La plupart des pays, et notamment les États-Unis, n'étant pas reconnus comme des pays adéquats par une décision de la Commission européenne, le RGPD autorise le transfert de données vers ces pays tiers à condition que des garanties appropriées soient mises en œuvre.
Les garanties appropriéesCes garanties appropriées sont les suivantes :
- Les Clauses Contractuelles Types / CCT (adoptées par la Commission européenne ou un État membre de l'UE) : il s'agit d'un ensemble de clauses que l'exportateur et l'importateur de données doivent conclure avant de transférer les données. Un ensemble différent de clauses est applicable selon que le transfert a lieu entre deux responsables du traitement, un responsable du traitement et un sous-traitant, deux sous-traitants, etc. (voir ici pour plus de détails sur les CCT).
- Binding Corporates Rules / BCR (sous-traitant et/ou rseponsable du traitement), qui visent uniquement à couvrir les transferts internationaux de données au sein d'un même groupe de sociétés. Elles sont constituées de documents contraignants, qui ressemblent aux CCT, auxquels les entités d'un même groupe peuvent se conformer. La principale différence est qu'une des entités de l'UE est le représentant de toutes celles situées en dehors de l'UE.
- Code de conduite et Certifications : ces outils étant relativement nouveaux, nous n'en avons pas vu beaucoup se développer. L'exemple le plus proche de ce type d'outil est sans doute les défunts Safe Harbor et Privacy Shield, permettant les transferts vers les États-Unis, qui ont tous deux été annulés par la CJUE.
- Clauses contractuelles ad hoc / accords internationaux (aucun de ces outils n'existe à ce jour).
Des mesures supplémentaires peuvent être requises pour certains pays (ex : Etats-Unis)
Depuis l'arrêt Schrems 2 de la CJUE de juillet 2020, les responsables de traitement doivent également évaluer le cadre juridique applicable dans le pays tiers et s'assurer qu'il ne contredit pas les CCT (et par extension, les autres outils de transfert).
Si la législation est en contradiction avec les CCT, des mesures supplémentaires doivent être mises en œuvre afin de répondre au risque que les "garanties appropriées" ne peuvent pas traiter et combler.
Par exemple, la CJUE a estimé que l'utilisation des CCT pour transférer des données vers les États-Unis n'était pas suffisant en raison du programme de surveillance de masse mené dans ce pays.
Par conséquent, des mesures supplémentaires empêchant l'autorité américaine d'accéder aux données sur demande doivent être mises en œuvre. Si de telles mesures ne peuvent être mises en œuvre, la CJUE a estimé que les données ne devaient pas être transmises.

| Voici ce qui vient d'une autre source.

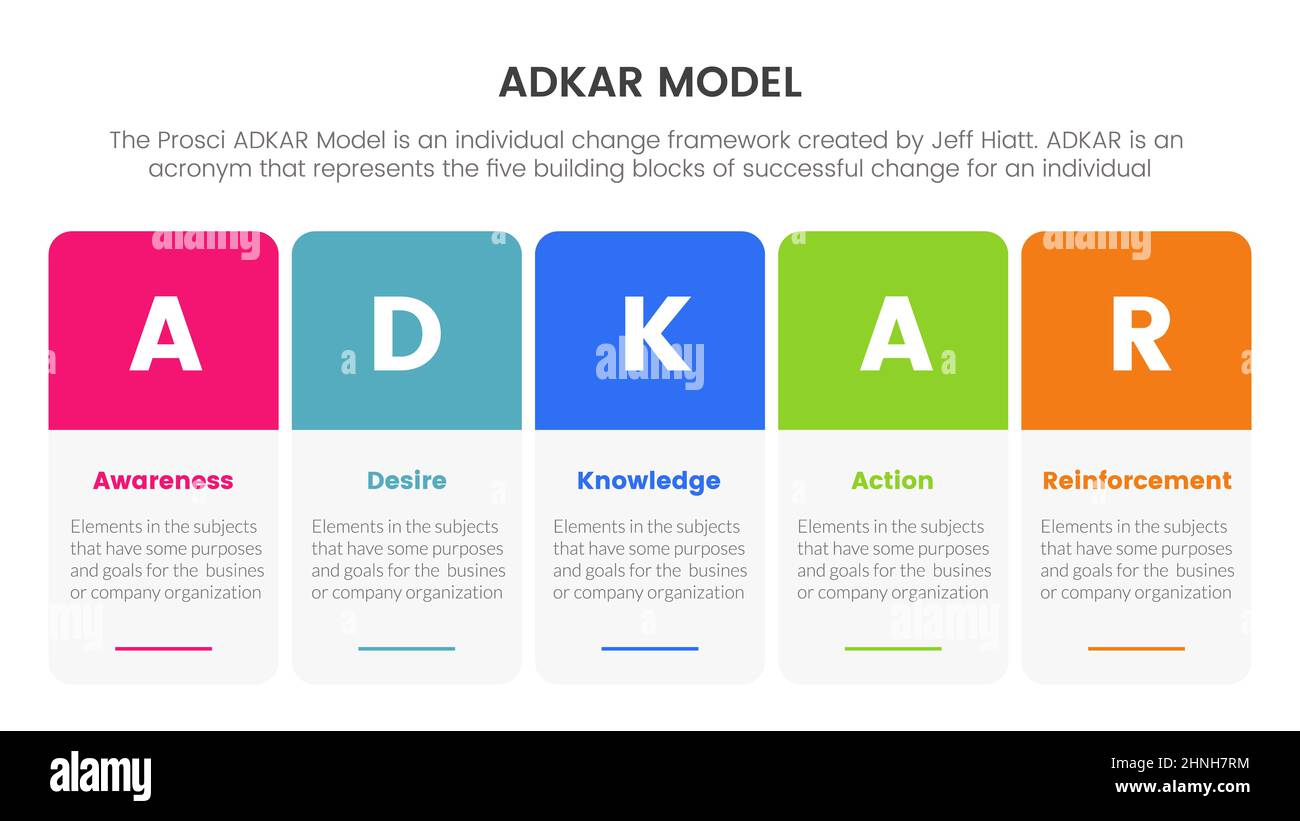 adkar awareness desire knowledge action and reinforcement infographic ...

A cet effet, une décision récente concernant Google Anlytics par l'autorité autrichienne laisse penser que seuls un chiffrement ou une anonymisation préalables par l'exportateur des donneées sont des mesures suffisantes pour permettre un transfert de données vers les USA.
Toutefois, ces mesures peuvent changer d'un pays à l'autre et d'un transfert à l'autre en fonction des problèmes identifiés.

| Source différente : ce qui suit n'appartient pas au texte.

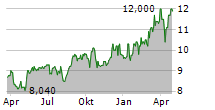 MUENCHENER RUECKVERSICHERUNGS-GESELLSCHAFT AG ADR Chart 1 Jahr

Ainsi, identifier les lacunes d'un système juridique et les combler par des mesures additionelles est une lourde charge pour l'exportateur et le responsable du traitement des données.
Le CEPD a fourni des lignes directrices pour effectuer une telle évaluation et identifier les mesures supplémentaires à mettre en œuvre, mais cela reste un exercice difficile. La Commission Européenne s'était, par exemple trompée, deux fois avec le Safe Harbor et le Privacy Shield tous les deux annulées par la CJUE.
L'article 49 RGPD prévoit une série de dérogations permettant les transfert internationaux de données dans des situations particulières où il n'est pas possible de mettre en œuvre des garanties appropriées telles que les CCT ou les BCR.
Le CEPD rappelle que ces dérogations ne doivent être interprétées que de manière restrictive et ne doivent pas être utilisées pour des transferts de données systématiques ou pour l'envoi d'un gros volume de données.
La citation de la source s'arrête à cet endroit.